Your instructions:
Return every entry from the listing below unaltered.

Information given:

---*---

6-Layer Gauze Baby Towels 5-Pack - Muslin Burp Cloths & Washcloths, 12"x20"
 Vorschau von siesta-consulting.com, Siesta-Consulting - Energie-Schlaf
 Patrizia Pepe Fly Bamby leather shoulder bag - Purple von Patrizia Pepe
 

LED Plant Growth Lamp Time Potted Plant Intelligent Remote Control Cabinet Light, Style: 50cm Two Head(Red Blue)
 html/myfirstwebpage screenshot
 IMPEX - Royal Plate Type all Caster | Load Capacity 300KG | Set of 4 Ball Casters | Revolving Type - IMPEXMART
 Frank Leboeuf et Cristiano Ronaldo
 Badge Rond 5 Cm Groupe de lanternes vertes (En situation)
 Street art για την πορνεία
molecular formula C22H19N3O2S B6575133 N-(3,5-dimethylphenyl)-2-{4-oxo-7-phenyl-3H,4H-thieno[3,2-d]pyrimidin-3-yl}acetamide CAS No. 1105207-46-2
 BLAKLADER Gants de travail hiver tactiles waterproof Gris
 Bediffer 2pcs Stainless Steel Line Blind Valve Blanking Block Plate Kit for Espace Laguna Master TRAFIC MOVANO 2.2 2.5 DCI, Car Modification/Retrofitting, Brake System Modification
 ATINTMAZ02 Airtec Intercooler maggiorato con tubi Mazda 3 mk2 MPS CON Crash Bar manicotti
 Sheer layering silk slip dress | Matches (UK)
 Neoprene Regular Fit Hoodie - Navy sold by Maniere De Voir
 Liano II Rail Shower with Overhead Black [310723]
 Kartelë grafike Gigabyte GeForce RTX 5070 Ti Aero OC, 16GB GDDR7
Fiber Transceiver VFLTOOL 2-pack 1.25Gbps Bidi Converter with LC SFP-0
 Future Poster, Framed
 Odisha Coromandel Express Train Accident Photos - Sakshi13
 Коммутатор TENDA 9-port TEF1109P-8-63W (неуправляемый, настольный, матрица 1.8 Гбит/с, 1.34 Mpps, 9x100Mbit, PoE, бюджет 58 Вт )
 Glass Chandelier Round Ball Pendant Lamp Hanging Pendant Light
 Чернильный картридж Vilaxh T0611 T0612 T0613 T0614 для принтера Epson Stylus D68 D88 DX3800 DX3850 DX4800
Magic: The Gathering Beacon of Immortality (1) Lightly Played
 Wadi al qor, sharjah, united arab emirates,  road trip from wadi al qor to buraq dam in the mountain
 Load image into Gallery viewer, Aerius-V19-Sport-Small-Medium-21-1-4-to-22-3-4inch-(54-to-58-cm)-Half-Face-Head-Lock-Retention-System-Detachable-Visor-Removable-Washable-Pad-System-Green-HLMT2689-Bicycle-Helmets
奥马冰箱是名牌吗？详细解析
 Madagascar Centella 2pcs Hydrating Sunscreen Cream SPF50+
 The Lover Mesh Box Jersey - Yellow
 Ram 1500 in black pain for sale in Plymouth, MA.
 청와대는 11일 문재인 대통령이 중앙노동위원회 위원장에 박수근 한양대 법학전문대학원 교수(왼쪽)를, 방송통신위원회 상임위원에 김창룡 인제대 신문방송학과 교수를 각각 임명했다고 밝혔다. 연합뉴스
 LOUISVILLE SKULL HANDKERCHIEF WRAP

---*---

Answer to the problem:
6-Layer Gauze Baby Towels 5-Pack - Muslin Burp Cloths & Washcloths, 12"x20"
 Vorschau von siesta-consulting.com, Siesta-Consulting - Energie-Schlaf
 Patrizia Pepe Fly Bamby leather shoulder bag - Purple von Patrizia Pepe
 

LED Plant Growth Lamp Time Potted Plant Intelligent Remote Control Cabinet Light, Style: 50cm Two Head(Red Blue)
 html/myfirstwebpage screenshot
 IMPEX - Royal Plate Type all Caster | Load Capacity 300KG | Set of 4 Ball Casters | Revolving Type - IMPEXMART
 Frank Leboeuf et Cristiano Ronaldo
 Badge Rond 5 Cm Groupe de lanternes vertes (En situation)
 Street art για την πορνεία
molecular formula C22H19N3O2S B6575133 N-(3,5-dimethylphenyl)-2-{4-oxo-7-phenyl-3H,4H-thieno[3,2-d]pyrimidin-3-yl}acetamide CAS No. 1105207-46-2
 BLAKLADER Gants de travail hiver tactiles waterproof Gris
 Bediffer 2pcs Stainless Steel Line Blind Valve Blanking Block Plate Kit for Espace Laguna Master TRAFIC MOVANO 2.2 2.5 DCI, Car Modification/Retrofitting, Brake System Modification
 ATINTMAZ02 Airtec Intercooler maggiorato con tubi Mazda 3 mk2 MPS CON Crash Bar manicotti
 Sheer layering silk slip dress | Matches (UK)
 Neoprene Regular Fit Hoodie - Navy sold by Maniere De Voir
 Liano II Rail Shower with Overhead Black [310723]
 Kartelë grafike Gigabyte GeForce RTX 5070 Ti Aero OC, 16GB GDDR7
Fiber Transceiver VFLTOOL 2-pack 1.25Gbps Bidi Converter with LC SFP-0
 Future Poster, Framed
 Odisha Coromandel Express Train Accident Photos - Sakshi13
 Коммутатор TENDA 9-port TEF1109P-8-63W (неуправляемый, настольный, матрица 1.8 Гбит/с, 1.34 Mpps, 9x100Mbit, PoE, бюджет 58 Вт )
 Glass Chandelier Round Ball Pendant Lamp Hanging Pendant Light
 Чернильный картридж Vilaxh T0611 T0612 T0613 T0614 для принтера Epson Stylus D68 D88 DX3800 DX3850 DX4800
Magic: The Gathering Beacon of Immortality (1) Lightly Played
 Wadi al qor, sharjah, united arab emirates,  road trip from wadi al qor to buraq dam in the mountain
 Load image into Gallery viewer, Aerius-V19-Sport-Small-Medium-21-1-4-to-22-3-4inch-(54-to-58-cm)-Half-Face-Head-Lock-Retention-System-Detachable-Visor-Removable-Washable-Pad-System-Green-HLMT2689-Bicycle-Helmets
奥马冰箱是名牌吗？详细解析
 Madagascar Centella 2pcs Hydrating Sunscreen Cream SPF50+
 The Lover Mesh Box Jersey - Yellow
 Ram 1500 in black pain for sale in Plymouth, MA.
 청와대는 11일 문재인 대통령이 중앙노동위원회 위원장에 박수근 한양대 법학전문대학원 교수(왼쪽)를, 방송통신위원회 상임위원에 김창룡 인제대 신문방송학과 교수를 각각 임명했다고 밝혔다. 연합뉴스
 LOUISVILLE SKULL HANDKERCHIEF WRAP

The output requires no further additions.